1. Field of the Invention
The present invention relates to a semiconductor element-housing package for mounting a semiconductor element.
2. Description of the Related Art
Conventional semiconductor element-housing packages for mounting semiconductor elements are constructed of an insulating substrate which is composed of a plurality of insulating layers of an electrically insulating material such as sintered aluminum oxide, for example, and which has a mounting portion for mounting a semiconductor element in the center of a top surface thereof; a plurality of metallized wiring layers which lead out from the periphery of the semiconductor element-mounting portion of the insulating substrate to the outer circumference of the top surface of the insulating substrate, and have sections located along the periphery of the semiconductor element-mounting portion to form bonding pads (ground bonding pads, power-supply bonding pads and signal bonding pads) for electrical connections to respective electrodes of the semiconductor element (a ground electrode, power-supply electrode and signal electrode); outer lead pins which are attached, via a brazing material such as brazing silver, to the sections of the metallized wiring layers which have been led to the outer circumference of the top surface of the insulating substrate; and a lid constructed of a metal such as an iron-nickel-cobalt alloy or a ceramic material such as sintered aluminum oxide; a semiconductor device is fabricated as a product by securely bonding the semiconductor element to the semiconductor element-mounting section of the insulating substrate via an adhesive such as a brazing material, resin, glass or the like, electrically connecting the respective electrodes (a ground electrode, power-supply electrode and signal electrode) of the semiconductor element to the counterpart bonding pads (ground bonding pads, power-supply bonding pads and signal bonding pads) via bonding wires, and then bonding the lid to the top surface of the insulating substrate via a sealing material such as solder, a resin, glass or the like to the top surface of the insulating substrate to hermetically seal the semiconductor element inside the container constructed of the insulating substrate and the lid.

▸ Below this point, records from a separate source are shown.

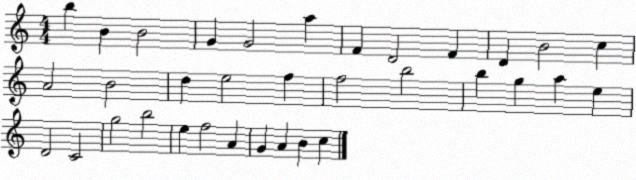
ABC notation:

X:1
T:Untitled
M:4/4
L:1/4
K:C
b B B2 G G2 a F D2 F D B2 c A2 B2 d e2 f f2 b2 b g a e D2 C2 g2 b2 e f2 A G A B c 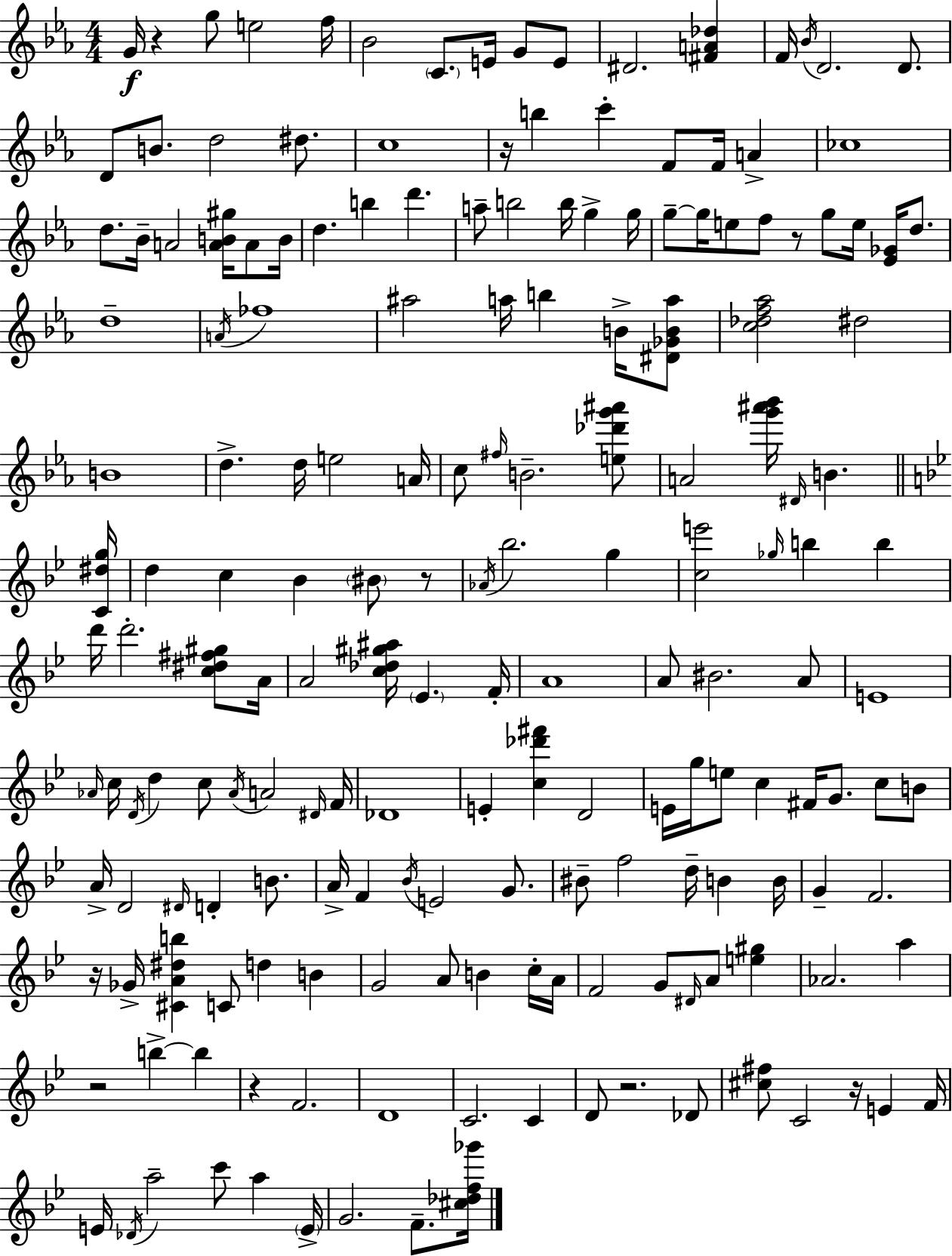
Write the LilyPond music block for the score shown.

{
  \clef treble
  \numericTimeSignature
  \time 4/4
  \key ees \major
  g'16\f r4 g''8 e''2 f''16 | bes'2 \parenthesize c'8. e'16 g'8 e'8 | dis'2. <fis' a' des''>4 | f'16 \acciaccatura { bes'16 } d'2. d'8. | \break d'8 b'8. d''2 dis''8. | c''1 | r16 b''4 c'''4-. f'8 f'16 a'4-> | ces''1 | \break d''8. bes'16-- a'2 <a' b' gis''>16 a'8 | b'16 d''4. b''4 d'''4. | a''8-- b''2 b''16 g''4-> | g''16 g''8--~~ g''16 e''8 f''8 r8 g''8 e''16 <ees' ges'>16 d''8. | \break d''1-- | \acciaccatura { a'16 } fes''1 | ais''2 a''16 b''4 b'16-> | <dis' ges' b' a''>8 <c'' des'' f'' aes''>2 dis''2 | \break b'1 | d''4.-> d''16 e''2 | a'16 c''8 \grace { fis''16 } b'2.-- | <e'' des''' g''' ais'''>8 a'2 <g''' ais''' bes'''>16 \grace { dis'16 } b'4. | \break \bar "||" \break \key g \minor <c' dis'' g''>16 d''4 c''4 bes'4 \parenthesize bis'8 r8 | \acciaccatura { aes'16 } bes''2. g''4 | <c'' e'''>2 \grace { ges''16 } b''4 b''4 | d'''16 d'''2.-. | \break <c'' dis'' fis'' gis''>8 a'16 a'2 <c'' des'' gis'' ais''>16 \parenthesize ees'4. | f'16-. a'1 | a'8 bis'2. | a'8 e'1 | \break \grace { aes'16 } c''16 \acciaccatura { d'16 } d''4 c''8 \acciaccatura { aes'16 } a'2 | \grace { dis'16 } f'16 des'1 | e'4-. <c'' des''' fis'''>4 d'2 | e'16 g''16 e''8 c''4 fis'16 | \break g'8. c''8 b'8 a'16-> d'2 | \grace { dis'16 } d'4-. b'8. a'16-> f'4 \acciaccatura { bes'16 } e'2 | g'8. bis'8-- f''2 | d''16-- b'4 b'16 g'4-- f'2. | \break r16 ges'16-> <cis' a' dis'' b''>4 c'8 | d''4 b'4 g'2 | a'8 b'4 c''16-. a'16 f'2 | g'8 \grace { dis'16 } a'8 <e'' gis''>4 aes'2. | \break a''4 r2 | b''4->~~ b''4 r4 f'2. | d'1 | c'2. | \break c'4 d'8 r2. | des'8 <cis'' fis''>8 c'2 | r16 e'4 f'16 e'16 \acciaccatura { des'16 } a''2-- | c'''8 a''4 \parenthesize e'16-> g'2. | \break f'8.-- <cis'' des'' f'' ges'''>16 \bar "|."
} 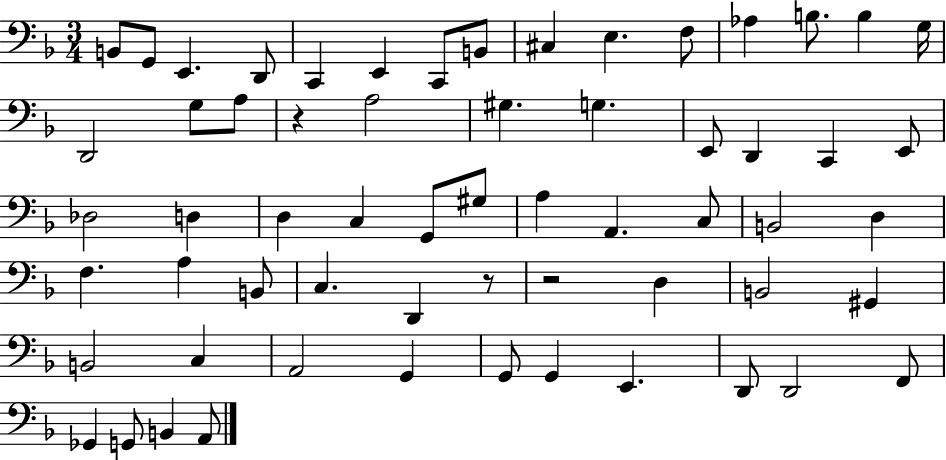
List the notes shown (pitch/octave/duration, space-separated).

B2/e G2/e E2/q. D2/e C2/q E2/q C2/e B2/e C#3/q E3/q. F3/e Ab3/q B3/e. B3/q G3/s D2/h G3/e A3/e R/q A3/h G#3/q. G3/q. E2/e D2/q C2/q E2/e Db3/h D3/q D3/q C3/q G2/e G#3/e A3/q A2/q. C3/e B2/h D3/q F3/q. A3/q B2/e C3/q. D2/q R/e R/h D3/q B2/h G#2/q B2/h C3/q A2/h G2/q G2/e G2/q E2/q. D2/e D2/h F2/e Gb2/q G2/e B2/q A2/e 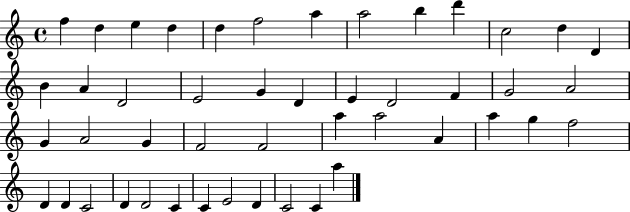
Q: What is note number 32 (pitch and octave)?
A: A4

Attached to the semiconductor element-housing package is a connecting conductor which is led from the ground bonding pad for an electrical connection to the ground electrode of the semiconductor device, and the power-supply bonding pad for an electrical connection to the power-supply electrode, of the bonding pads mentioned above, to the underside of the insulating substrate, the sections of which led to the underside of the insulating substrate form capacitor-connecting pads for connections to electrodes of a chip capacitor, wherein the chip capacitor is attached to the capacitor-connecting pad via a bonding material such as solder so as to electrically connect the respective electrodes of the chip capacitor to the connecting conductor.
The chip capacitor which is attached to the capacitor-connecting pad functions as a decoupling capacitor to reduce power-supply noise caused by change in electric potential between the ground voltage and the power-supply voltage which are supplied to the semiconductor element; the chip capacitor is designed to ensure normal operation of the semiconductor element by supplying a charge proportional to the change in electric potential between the ground voltage and the power-supply voltage to the ground bonding pad and the power-supply bonding pad which are connected to the ground electrode and the power-supply electrode of the semiconductor element to reduce power-supply noise caused by change in electric potential between the ground voltage and the power-supply voltage.

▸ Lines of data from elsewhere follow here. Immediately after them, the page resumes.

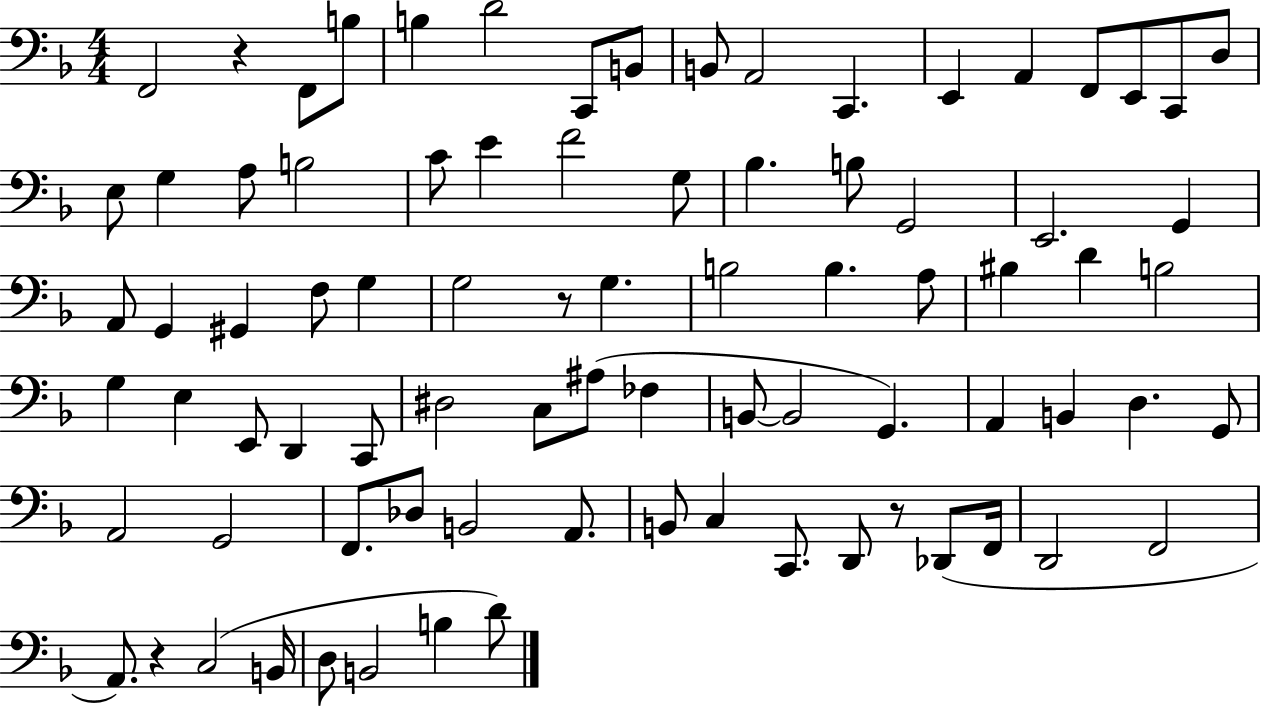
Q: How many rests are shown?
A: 4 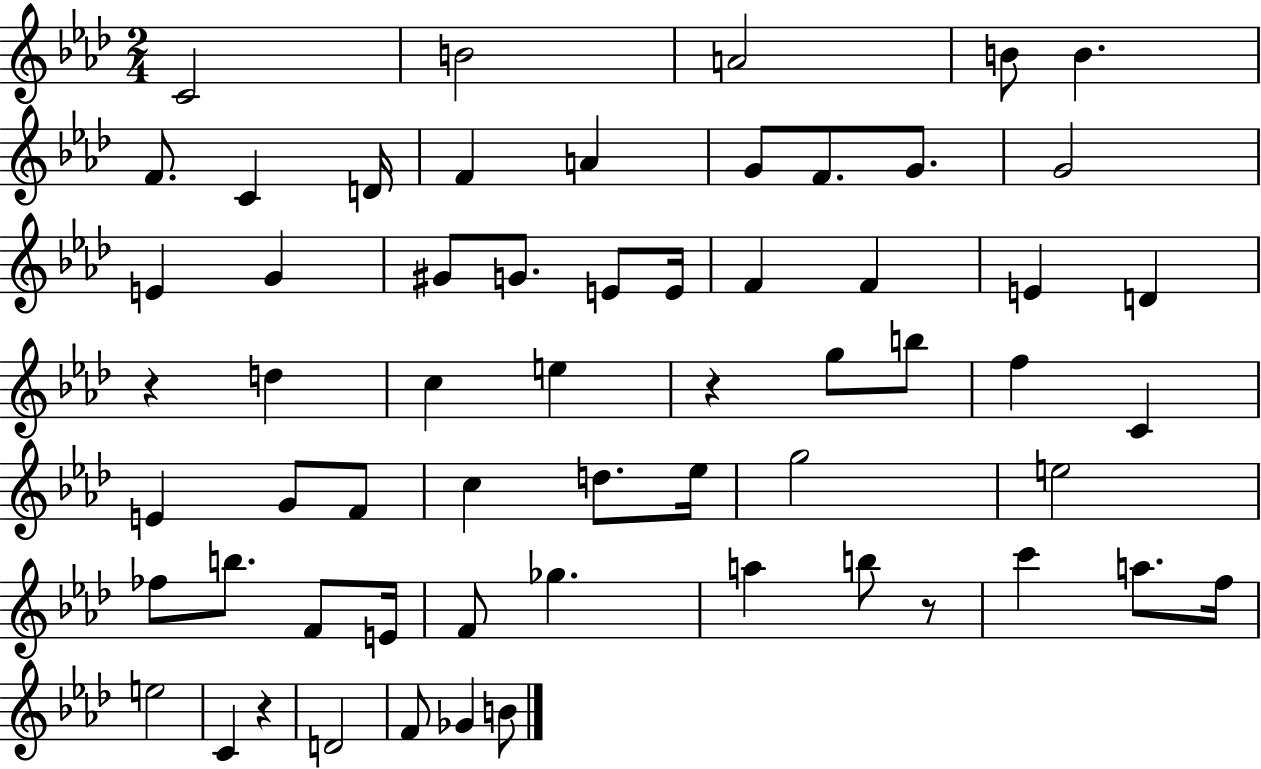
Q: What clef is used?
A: treble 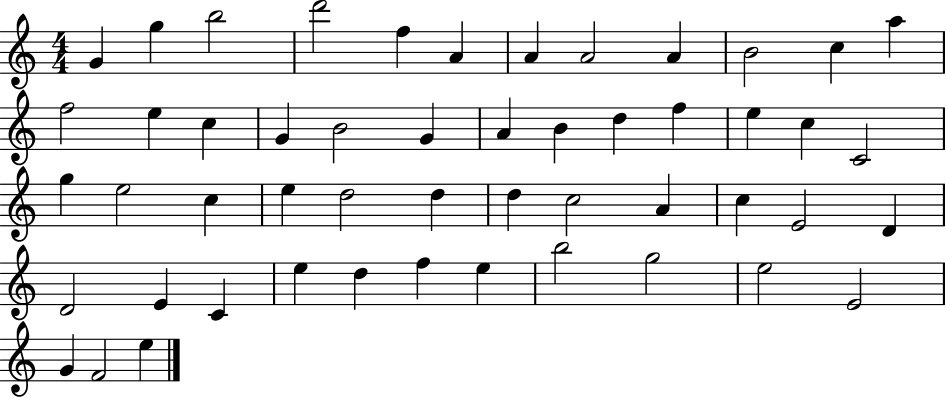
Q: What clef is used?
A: treble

The chip capacitor, however, has a drawback in that when it is attached to the underside of the insulating substrate, the connecting conductor for establishing electrical connections from the ground bonding pad and the power-supply bonding pad to the capacitor-connecting pad has an increased horizontal length and a large inductance, and this large inductance of the connecting conductor greatly impairs the function of the chip capacitor as a decoupling capacitor, thus preventing full-scale production of the power-supply noise reduction effect of the chip capacitor.
In order to overcome this drawback, it may be advisable to have a plurality of pairs of a ground plane and a power plane placed opposing each other and sandwiching part of the insulating layers which form the insulating substrate, in the insulating substrate to thereby store capacitance between the paired ground planes and power planes, and to establish electrical connections between the ground bonding pad which is electrically connected to the ground electrode of the semiconductor element, and the ground planes, and between the power-supply bonding pad which is electrically connected to the power-supply electrode of the semiconductor element, and the power-supply planes, at the periphery of the semiconductor element-mounting portion, to thereby provide the capacitance as decoupling capacitors.
Here, it is possible to shorten the wires for the electrical connections between the ground planes and the power-supply planes, and the ground bonding pad which is electrically connected to the ground electrode of the semiconductor element, and the power-supply bonding pad which is electrically connected to the power-supply electrode of the semiconductor element, respectively with the result of a small inductance, and eventually to reduce influence of the inductance of the connecting conductor on the noise-reducing effect of the decoupling capacitors.
However, since the specific dielectric constant of the sintered aluminum oxide which composes the insulating substrates of semiconductor element-housing packages is as low as approximately 7, it becomes necessary to have a great number of pairs of ground planes and power-supply planes placed opposing each other and sandwiching part of the insulating layers which form the insulating substrate, or to have vast opposing areas of the paired ground planes and power-supply planes, in order to store sufficiently increased capacitance between the paired ground planes and power-supply planes as decoupling capacitors, and this creates the drawback that extremely thick, large and heavy packages are required for housing a semiconductor element.